Work order:
In the records below, the lines between the one holding "Pat Eating Noodles At King S Cafe Youtube" and the one holding "308 Alexis Dr, Glen Burnie, MD 21061", inclusive, are to be transcribed exactly; no pictures are to be included.
---------- Data for this exercise
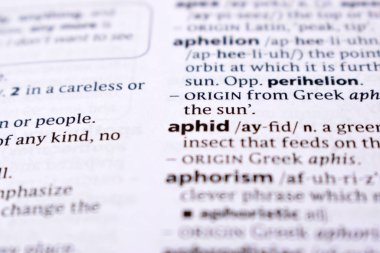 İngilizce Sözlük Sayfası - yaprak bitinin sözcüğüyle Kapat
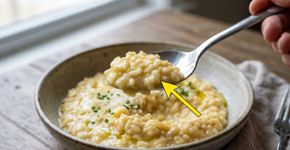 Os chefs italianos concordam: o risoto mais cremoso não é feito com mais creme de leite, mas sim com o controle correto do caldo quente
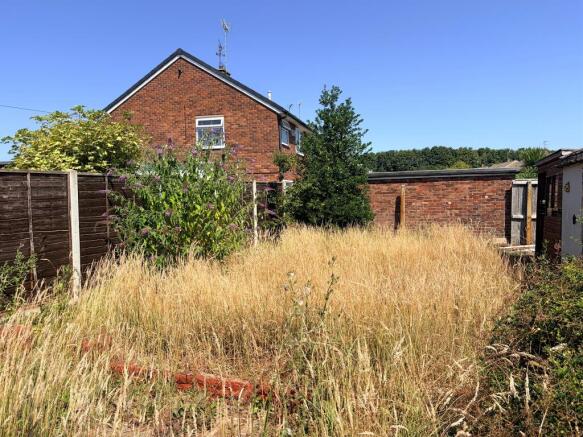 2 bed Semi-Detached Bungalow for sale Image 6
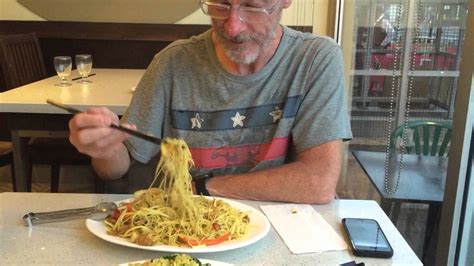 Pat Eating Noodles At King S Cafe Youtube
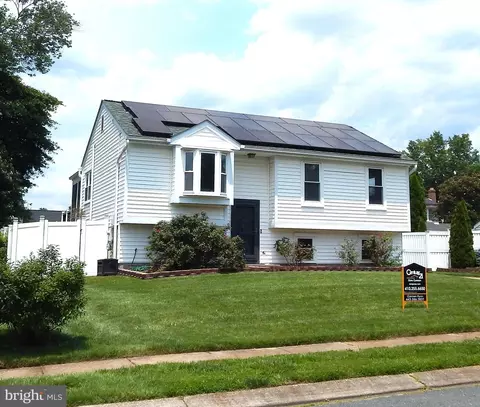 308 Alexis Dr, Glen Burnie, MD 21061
--------------------
---------- Data for this exercise
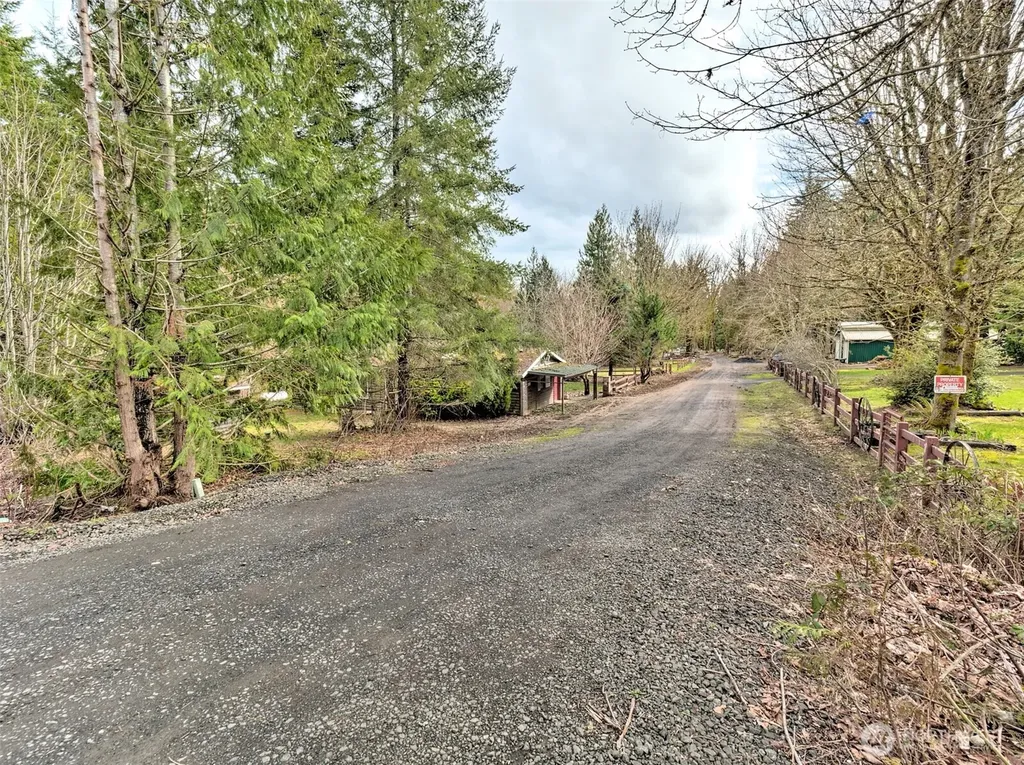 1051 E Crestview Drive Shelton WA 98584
--------------------
---------- Data for this exercise
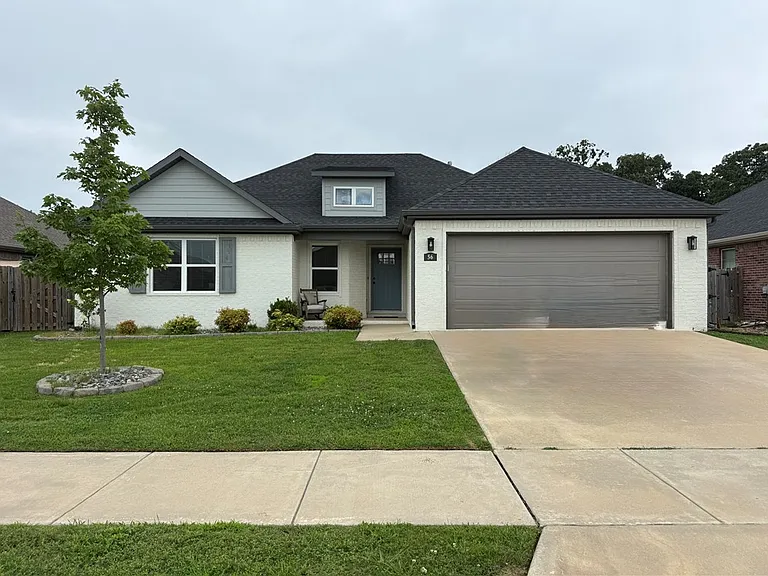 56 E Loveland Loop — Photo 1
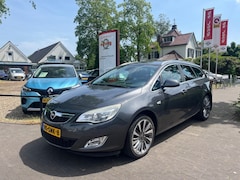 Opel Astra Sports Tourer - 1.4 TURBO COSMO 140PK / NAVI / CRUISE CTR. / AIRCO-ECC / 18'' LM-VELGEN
--------------------
Result of the task:
 Pat Eating Noodles At King S Cafe Youtube
 308 Alexis Dr, Glen Burnie, MD 21061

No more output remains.